倒れているのは、ピコラと同じくらいの子供に見えるが、よく見ると手が異形だ。
見た感じ、モグラの獣人だろう。
「あー、こいつ、めちゃくちゃ水に持ってかれてたけど……大丈夫かな?」
出来れば、救命処置はしたくないんだが……
「多分……大丈夫だと思うよ」
ピコラはそう言って、倒れている顔に——
ビチャビチャビチャ
追加で溺れるほどの水をぶっかけている。
「ちょっと、ピコラ! 溺れた相手になにしてるんだ!?」
追撃にも程がある!
「うん? ガバルには、コレでいいんだよ」
ピコラは遠慮なく、ザバザバと顔面に水を出しながら、面倒だと言わんばかりの呆れた目をしている。
「彼は、モグラ・マグラ族のガバル。水には強いんだ。大方、魔豚の血を飲み込んじゃって、魔力酔いを起こしたんだと思う」
——やっぱりモグラか。
ピコラは冷静に判断しているようで、更に水の量を増やしていく。
カガボガボガボ……グブッ、ガバァ!!
さっきまでぐったりしていたのに、水を掛けられることで、魔素が中和したのか、意識が戻り始めた。

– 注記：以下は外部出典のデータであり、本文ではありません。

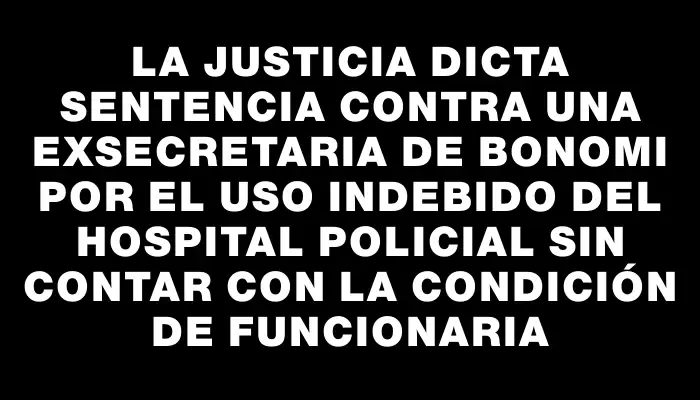 La Justicia dicta sentencia contra una exsecretaria de Bonomi por el uso indebido del Hospital Policial sin contar con la condición de funcionaria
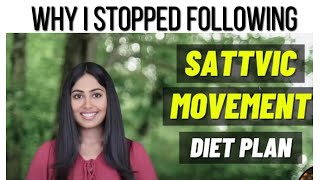 Why I stopped following satvic movement diet plan satvicmovement [upl. by Robyn]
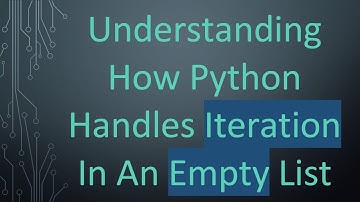 Understanding How Python Handles Iteration In An Empty List
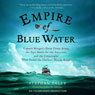 Empire of Blue Water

しかし、ピコラによる更なる追加の水で、ガバルは溺れたのか、じたばたしだした。
「テメー! 何しやがる!! 死ぬぞ!?」
俺に向けた怒声と共に、モグラ・マグラは飛び起きた。
「ガバルはバカだから、一回死ななきゃわかんないだろ!」
ピコラはそう言って、ガバルに向かって再度放水した。
「うげ! ガボボ、ブァ!? な? ピコラじゃねーか! ガボガボ、おい! やめろって!」
ガバルはピコラに気づいたけれど、足をツタで固定された状態で、顔を狙った放水を止めてくれないから、全く話が出来ない。
「ピコラ、かわいそうだぞ?」
ガバルは、災難続きじゃないか……
「少しは懲りたらいいんだ。ガバルはどうせ、魔豚の魔素が欲しくて、わざと血だまりに顔を入れたんだ。くらくらするのが楽しいってよく言ってる」
血だまりに顔を入れるのは、さすがに——
「悪趣味だな……」
クラクラするのが楽しいだなんて、危険ドラックに手を出す若者みたいだ。
「いつか事故にあうからって、いつも止めていたんだよ。まだこんなことして……」
ピコラは更に水圧を高め、顔に向かって放水をした。
「ピコラ! ごめ、ゴボッ、ごめんて! もうしないから、ゴボボッ、ゆるして!」
ガバルは必死にピコラに許しを乞うている。
ピコラは心配しているのだろう。仲の良い友人なのだろうな。
「ピコラ、お前の友達なんだろう? 紹介してくれないか」
俺はピコラが落ち着くように、穏やかに声を掛けた。
「……ユージンがそう言うなら。ガバル! ユージンのやさしさに感謝するんだよ!」
ピシャっと言いながら、友人が危険な行為を楽しむ事をまだ許せないのか、ピコラはツタでぐるぐる巻きにして、ガバルを転がしていた。